Efecto de diferentes pautas de administración de gdnf en las rutas mapk/erk y pi3k/akt y su potencial neuroprotector en neuronas dopaminérgicas mesencefálicas

Abstract

Parkinson's disease (PD) is a neurodegenerative disorder characterised by the loss of mesencephalic dopaminergic neurons and the decline of dopamine levels in the striatum. There is currently no treatment that alters the course of the disease. Experimental studies indicate that glial cell line-derived trophic factor (GDNF) may have protective effects on dopaminergic neurons. However, clinical trials have not shown the expected results, and relevant aspects of GDNF pharmacological actions, particularly those related to trophic and protective effects under different treatment schedules, remain unclear.

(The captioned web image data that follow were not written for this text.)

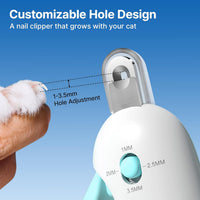 Potaroma Cat Nail Clipper - image 2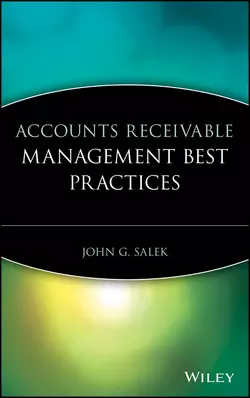 Accounts Receivable Management Best Practices 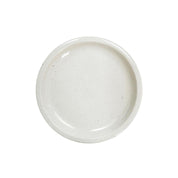 sable brillant dessert plate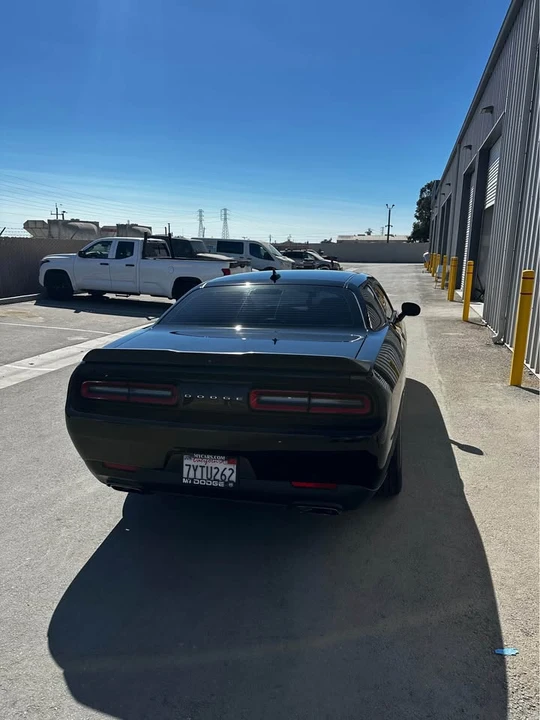 2017 Dodge Challenger SRT8 & 392 3rd Gen - Image 7 of 11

The aim of this thesis was to study: 1. the trophic (levels of dopaminergic markers) and neuroprotective (response to neurotoxins) effects, and 2. the differences in Ret signalling pathways after different GDNF administration patterns (acute, prolonged and intermittent) in primary cultures of mesencephalic neurons and in the rat mesostriatal system. The results of in vitro experiments showed that acute GDNF treatment (24 hours) induces an increase in TH expression and protects dopaminergic neurons against 6-hidroxidopamine (6-OHDA) and rotenone. However, the opposite effects were found when cell cultures were treated with GDNF for 7 days, showing a decrease in TH expression and a higher vulnerability to neurotoxins than untreated cells. Consistent with these results, striatal injection of AAV1/2-V16-TetbidiON-GDNF and acute (doxycycline, 5 days) and intermittent (doxycycline, 3x72 hours/15 days) induction of GDNF delivery promote an increase in nigral and striatal TH expression and the mesostriatal pathway was protected against 6-OHDA. However, when GDNF delivery was sustained for 45 days, TH levels decrease below basal levels and mesostriatal dopaminergic neurons became more vulnerable to 6-OHDA than in untreated rats. Differences in Ret signalling were also found depending on the treatment schedule. Short-term and intermittent GDNF treatments led to an increased phosphorylation of Ret and its downstream effector kinases AKT, GSK3-β, ERK1/2 and S6, whereas prolonged GDNF treatment induced a decline in Ret signalling. Considering the chronic nature of Parkinson's disease and the regulatory mechanisms in response to prolonged GDNF treatment, inducible viral vectors may be an interesting alternative to control GDNF delivery and the design of therapeutic strategies according to the needs of each patient.